◆ The problem ◆
Copy, word for word, the lines of the entries below between the one with "Torah is on" and the one with "stock image Diverse", inclusive, and leave out everything else.

◆ Data shown ◆

-- Opening Marker --

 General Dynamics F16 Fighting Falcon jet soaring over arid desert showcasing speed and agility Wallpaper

-- Closing Marker --
-- Opening Marker --

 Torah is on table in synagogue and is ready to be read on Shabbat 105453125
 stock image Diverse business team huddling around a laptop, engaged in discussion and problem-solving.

-- Closing Marker --

◆ Task answer ◆
 Torah is on table in synagogue and is ready to be read on Shabbat 105453125
 stock image Diverse business team huddling around a laptop, engaged in discussion and problem-solving.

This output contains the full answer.